Sabrosos eran también los hipocampos o caballitos de mar y las estrellas marinas, aunque las palmas se las llevaron los capullos de mariposa con sus larvas adentro; había de dos tamaños, ambos exquisitos. El capullo dorado queda crocante y el relleno de larva se convierte en una pasta suave, como sápida mantequilla de extraño y delicado sabor.

En las afueras de Shanghái fuimos a un mercado de alimentos, éste sí para chinos, y entre otras delicias había una enorme palangana llena de ranas guisadas, no solo las ancas, sino el cuerpo entero. Otra contenía muchas decenas de cabezas de pato como adobadas. Había también brochetas de pajaritos asados.

En la misma ciudad fuimos una mañana muy temprano a otro mercado de víveres, un tianguis que se desarrollaba serpenteante por pequeñas callecitas. Vendían tortugas vivas de varios tamaños, unas enormes ranas, ya muertas y limpias para ser cocinadas, y en cubetas ofrecían decenas de anguilas vivas que daban la impresión de estar hirviendo, por su movimiento incesante. Emiliano, que es muy animalero, me insistió que le comprara un par (no con fines culinarios, sino de mascota) y como Silvia se había quedado en el hotel, pude acceder; en una bolsa de plástico, con un poco de agua, colocaron dos anguilas como de 50 centímetros cada una. Por estar sacándolas allí mismo en el mercado para verlas, una se le escapó entre los pies de la gente y jamás la recuperamos. Con la otra regresamos al hotel y, previo regaño de mi mujer a ambos, la instalamos en un basurero de plástico que había en el baño. Emiliano planeaba traerla a México, metida subrepticiamente en la bolsa de su chamarra; yo no estaba seguro de qué hacer, aunque acepté que la trajera con la advertencia de que, si lo descubrían, yo diría que no estaba enterado de la penosa situación. Entonces de 14 años, no podía pasar nada más grave que una reprimenda.

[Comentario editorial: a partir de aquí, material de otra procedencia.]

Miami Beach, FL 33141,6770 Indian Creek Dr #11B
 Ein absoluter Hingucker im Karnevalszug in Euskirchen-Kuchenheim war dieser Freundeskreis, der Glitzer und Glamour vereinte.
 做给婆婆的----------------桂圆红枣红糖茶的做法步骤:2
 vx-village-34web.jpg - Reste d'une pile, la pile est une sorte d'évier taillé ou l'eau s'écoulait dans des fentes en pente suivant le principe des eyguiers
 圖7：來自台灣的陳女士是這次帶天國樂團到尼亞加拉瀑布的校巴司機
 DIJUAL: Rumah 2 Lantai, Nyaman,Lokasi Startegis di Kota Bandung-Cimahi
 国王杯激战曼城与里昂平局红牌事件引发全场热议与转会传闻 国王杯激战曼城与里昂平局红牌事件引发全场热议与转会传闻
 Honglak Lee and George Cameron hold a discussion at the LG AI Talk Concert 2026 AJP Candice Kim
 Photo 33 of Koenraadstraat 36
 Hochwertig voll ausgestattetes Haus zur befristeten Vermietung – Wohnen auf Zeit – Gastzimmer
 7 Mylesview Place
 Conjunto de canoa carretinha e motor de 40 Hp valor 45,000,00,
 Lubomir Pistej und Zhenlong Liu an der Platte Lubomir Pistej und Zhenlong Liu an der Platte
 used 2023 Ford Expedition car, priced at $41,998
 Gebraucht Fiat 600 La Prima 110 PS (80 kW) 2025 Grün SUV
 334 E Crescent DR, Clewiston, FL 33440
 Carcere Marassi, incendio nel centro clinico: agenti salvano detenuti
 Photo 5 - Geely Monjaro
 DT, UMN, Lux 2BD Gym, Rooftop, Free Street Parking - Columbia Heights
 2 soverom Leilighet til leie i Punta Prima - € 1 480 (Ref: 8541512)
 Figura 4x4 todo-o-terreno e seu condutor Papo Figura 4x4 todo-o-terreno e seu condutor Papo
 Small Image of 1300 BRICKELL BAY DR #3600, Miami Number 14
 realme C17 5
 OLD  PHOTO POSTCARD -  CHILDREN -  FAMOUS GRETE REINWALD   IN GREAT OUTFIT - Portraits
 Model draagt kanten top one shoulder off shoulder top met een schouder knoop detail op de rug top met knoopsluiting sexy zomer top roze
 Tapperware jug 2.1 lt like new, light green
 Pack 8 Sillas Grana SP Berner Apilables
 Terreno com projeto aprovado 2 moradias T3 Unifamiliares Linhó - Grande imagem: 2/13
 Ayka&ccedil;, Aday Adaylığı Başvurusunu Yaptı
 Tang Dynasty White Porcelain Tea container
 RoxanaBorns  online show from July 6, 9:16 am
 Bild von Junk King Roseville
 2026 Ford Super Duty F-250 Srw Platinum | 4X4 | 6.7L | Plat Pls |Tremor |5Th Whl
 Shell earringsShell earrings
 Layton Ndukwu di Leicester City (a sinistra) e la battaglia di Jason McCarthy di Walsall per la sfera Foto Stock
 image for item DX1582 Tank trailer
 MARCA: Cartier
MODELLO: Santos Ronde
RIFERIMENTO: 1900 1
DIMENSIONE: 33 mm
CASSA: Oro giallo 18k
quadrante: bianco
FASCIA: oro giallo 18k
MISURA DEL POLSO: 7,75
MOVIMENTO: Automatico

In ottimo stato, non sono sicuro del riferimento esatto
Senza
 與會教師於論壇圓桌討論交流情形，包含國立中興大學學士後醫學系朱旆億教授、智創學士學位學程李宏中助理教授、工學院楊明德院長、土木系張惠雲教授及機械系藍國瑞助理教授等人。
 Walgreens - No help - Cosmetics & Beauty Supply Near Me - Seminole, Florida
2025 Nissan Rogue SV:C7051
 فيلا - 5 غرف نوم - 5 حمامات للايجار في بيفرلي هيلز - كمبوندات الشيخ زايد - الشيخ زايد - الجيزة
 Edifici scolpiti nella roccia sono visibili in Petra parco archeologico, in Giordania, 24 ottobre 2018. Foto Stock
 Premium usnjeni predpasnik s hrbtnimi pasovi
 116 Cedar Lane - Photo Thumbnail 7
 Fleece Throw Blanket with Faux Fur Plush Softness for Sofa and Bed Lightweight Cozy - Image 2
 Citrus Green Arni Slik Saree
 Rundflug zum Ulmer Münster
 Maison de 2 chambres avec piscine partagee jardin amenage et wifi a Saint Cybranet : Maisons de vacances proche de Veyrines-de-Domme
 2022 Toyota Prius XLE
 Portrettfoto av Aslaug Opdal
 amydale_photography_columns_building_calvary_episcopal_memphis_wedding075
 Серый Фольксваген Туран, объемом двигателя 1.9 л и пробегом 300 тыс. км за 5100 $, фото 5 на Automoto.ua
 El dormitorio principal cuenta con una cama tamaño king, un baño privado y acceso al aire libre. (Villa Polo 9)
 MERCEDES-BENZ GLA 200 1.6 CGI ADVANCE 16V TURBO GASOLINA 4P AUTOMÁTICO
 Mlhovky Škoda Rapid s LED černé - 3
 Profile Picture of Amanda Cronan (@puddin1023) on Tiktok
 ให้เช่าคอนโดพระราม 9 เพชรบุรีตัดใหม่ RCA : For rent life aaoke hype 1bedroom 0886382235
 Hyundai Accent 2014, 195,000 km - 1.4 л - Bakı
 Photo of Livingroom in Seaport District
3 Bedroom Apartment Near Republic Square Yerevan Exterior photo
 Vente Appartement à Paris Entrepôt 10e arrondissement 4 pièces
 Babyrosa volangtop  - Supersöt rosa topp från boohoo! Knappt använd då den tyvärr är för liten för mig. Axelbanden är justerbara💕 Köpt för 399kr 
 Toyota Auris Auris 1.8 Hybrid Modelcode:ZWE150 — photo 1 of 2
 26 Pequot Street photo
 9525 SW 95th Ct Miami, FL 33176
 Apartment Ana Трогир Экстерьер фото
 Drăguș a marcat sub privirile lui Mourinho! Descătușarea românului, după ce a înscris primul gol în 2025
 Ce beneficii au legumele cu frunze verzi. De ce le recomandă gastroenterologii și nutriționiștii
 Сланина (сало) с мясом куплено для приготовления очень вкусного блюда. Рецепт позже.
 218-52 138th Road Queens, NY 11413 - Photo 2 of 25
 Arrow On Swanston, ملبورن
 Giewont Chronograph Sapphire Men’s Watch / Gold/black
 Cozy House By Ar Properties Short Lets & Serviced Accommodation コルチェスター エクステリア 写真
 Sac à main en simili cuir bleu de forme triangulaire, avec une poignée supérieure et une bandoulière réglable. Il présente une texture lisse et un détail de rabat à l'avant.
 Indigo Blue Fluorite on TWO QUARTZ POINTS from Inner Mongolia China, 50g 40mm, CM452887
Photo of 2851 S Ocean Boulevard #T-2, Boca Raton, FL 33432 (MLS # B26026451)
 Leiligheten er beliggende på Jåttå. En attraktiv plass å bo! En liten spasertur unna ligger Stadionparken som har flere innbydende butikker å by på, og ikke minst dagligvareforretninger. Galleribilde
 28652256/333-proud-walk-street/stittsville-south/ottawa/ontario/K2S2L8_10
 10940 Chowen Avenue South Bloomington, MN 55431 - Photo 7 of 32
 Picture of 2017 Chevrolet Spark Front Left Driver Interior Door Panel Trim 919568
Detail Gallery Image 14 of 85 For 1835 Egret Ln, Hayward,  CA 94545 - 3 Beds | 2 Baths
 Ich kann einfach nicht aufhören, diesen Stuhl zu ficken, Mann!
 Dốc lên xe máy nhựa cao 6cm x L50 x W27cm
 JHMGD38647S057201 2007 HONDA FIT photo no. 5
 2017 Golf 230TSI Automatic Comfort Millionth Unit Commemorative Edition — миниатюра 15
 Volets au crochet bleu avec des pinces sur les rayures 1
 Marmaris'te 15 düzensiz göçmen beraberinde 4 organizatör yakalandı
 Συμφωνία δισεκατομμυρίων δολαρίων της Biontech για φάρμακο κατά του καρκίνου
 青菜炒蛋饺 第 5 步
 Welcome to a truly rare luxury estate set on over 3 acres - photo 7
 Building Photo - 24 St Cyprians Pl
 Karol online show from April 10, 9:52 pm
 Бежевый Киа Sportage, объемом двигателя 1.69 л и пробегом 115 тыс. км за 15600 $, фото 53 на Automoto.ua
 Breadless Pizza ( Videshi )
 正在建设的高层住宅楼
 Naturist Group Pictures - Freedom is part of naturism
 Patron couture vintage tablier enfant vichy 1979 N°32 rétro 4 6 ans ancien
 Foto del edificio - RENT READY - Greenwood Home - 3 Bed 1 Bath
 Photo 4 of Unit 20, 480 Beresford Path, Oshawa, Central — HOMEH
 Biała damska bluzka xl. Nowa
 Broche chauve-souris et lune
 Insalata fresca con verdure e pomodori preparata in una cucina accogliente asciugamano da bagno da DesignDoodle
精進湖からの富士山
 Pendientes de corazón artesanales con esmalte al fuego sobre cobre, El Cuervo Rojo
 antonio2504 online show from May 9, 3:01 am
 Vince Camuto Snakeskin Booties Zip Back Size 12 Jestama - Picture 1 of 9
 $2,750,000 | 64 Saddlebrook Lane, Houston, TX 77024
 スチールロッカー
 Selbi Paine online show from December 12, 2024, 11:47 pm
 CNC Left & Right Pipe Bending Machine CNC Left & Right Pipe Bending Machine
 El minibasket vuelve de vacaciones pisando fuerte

El azar nos liberó de semejante predicamento. Al tercer día, la anguila ya no se movía dentro del agua de su basurero, por más que mi hijo la instaba a ello. Ante la pequeña tragedia, no quedó más remedio que lanzar el cadáver al excusado y, cuando ya iba a jalar la palanca para desaguarlo, el mañoso animal se empezó a agitar con energía, quién sabe si temeroso y pesimista de su inminente destino o justamente feliz al ver próxima una posible salida hacia la libertad. Emiliano ya se remangaba para meter la mano en la taza a fin de recuperar su mascota, pero eso sí se lo prohibí; por fin le jalé y nunca supimos más de la anguila.